Date: Fri, 3 May 2019 11:58:49 +0200
User-agent: NeoMutt/20180716

On Fri, May 03, 2019 at 10:00:45AM +0300, Eli Zaretskii wrote:
Date: Fri, 3 May 2019 02:44:16 +0200
From: Ergus <address@hidden>
Cc: address@hidden

Having Guile as a dependency will grow emacs size significantly
and using it as an external dependency (not usually the emacs way...)
will require to port Guile to more systems (AFAIK).

Which systems we care about are not already supported by Guile?


Actually in windows I have a friend who tried it and the experience was
not convincing for him. And the native code compiler was in fact
tremendously slow in a power9 machine. It felt like a hack in both
cases more than a real native application.

The alternative JIT may be based in libJIT which is not very active
either... and has serious issues/limitations that has not been solved in
years.

There's a branch in the Emacs repository that uses libJIT.  It has
problems with some Emacs configurations, which need to be solved in
libJIT.  Alas, those problems, reported months ago to the libJIT
developers, are still not fixed.

More importantly, the libJIT build failed to show any significant
speed-up wrt byte code, so it sounds like maybe the whole idea was
either wrong or its design couldn't possibly provide any gains.  Or
maybe we just measured the speed-up in wrong scenarios.
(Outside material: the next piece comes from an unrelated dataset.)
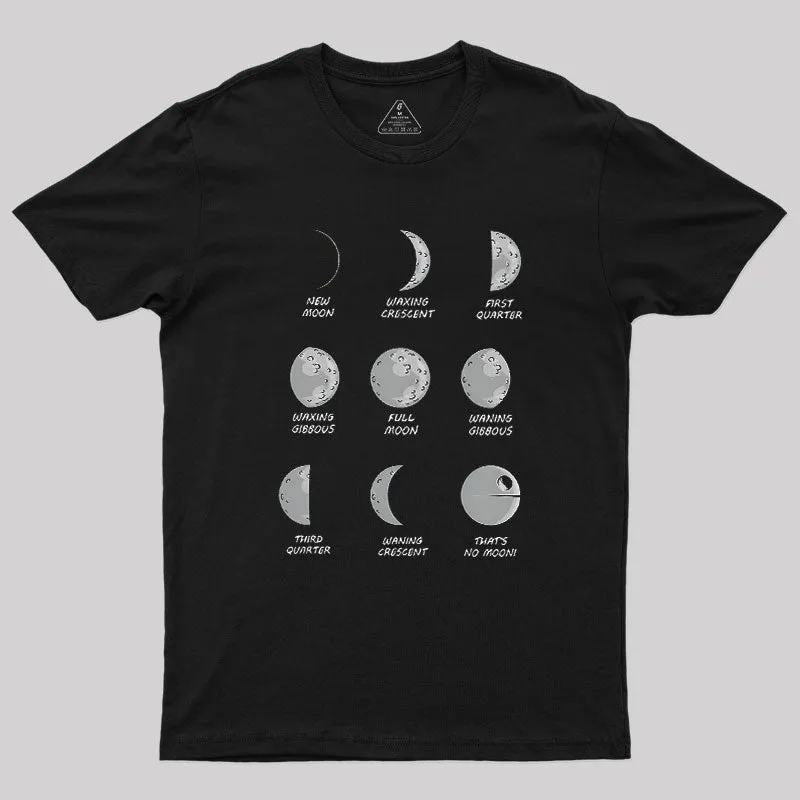 Know Your Moons Geek T-Shirt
This is not surprising. My work is 80% performance measurement and
benchmarking and the real improvements with JIT compilation (in my
experience) and specially with libJIT is not as good as many people
expect in most of the common scenarios. That's because the generated
code is usually very generic (so it does not take advantage of
architecture specific features), and strategies like vectorization and
branch prediction are very difficult to hint (most of the times
impossible). So the only real difference with a bytecode interpreter is
the bytecode parsing part, but not too much more.

There is also the typical array of struct vs struct of arrays problem, type
aligns and the optimal memory management what are also very dark to
advice for a JIT compiler. The use of dark types and pointers to
functions produces huge overheads and they are extensively used in JIT
compilers internally generated code, the impossibility to do proper
inlinings, and of course the fact that coming from a higher level
language like Lisp we need more dynamic/runtime functionalities like
garbage collector and generic function types. Plus the hashtable search
costs and the extensively used list searches in Lisp instead of vectors
or similar cheaper containers and callbacks in the user code.
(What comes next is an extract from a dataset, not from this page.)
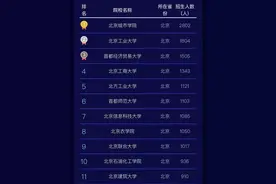 首都医科大学在北京招多少人？需要多少分才能上？图片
That's why I support the idea of the Lisp->C compiler more than the JIT
at least to use it for the emacs core Lisp functions because gcc is very
optimized and migrate the bottleneck back to C code as much as
possible. (many of the very used in simple.el for example that are
called very frequently)

That's the strategy that made python become so successfully (plus the
language simplicity). The existence of Cython, Numba + Pure C/Fortran
core libraries like numpy and a simple C API to extend it. So when a
user implements anything in 100% python; if it has performance issues
she only needs to change the python lists with numpy arrays and numpy
functions and that's it, the difference will be observed
immediately. But if a specific function still represents a problem
she can implement it easily in C or use a C library directly with
CTypes, Pybind11 or boost, that uses dlopen instead of create processes
and parse outputs and writes in numpy arrays/types directly.

So in spite of that python's virtual machine is very slow to load, the
rest of the execution is not necessarily slow and can be improved as
much as the developer desires. Also as there are more users the bytecode
part (interpreter and generator) is improved and optimized constantly.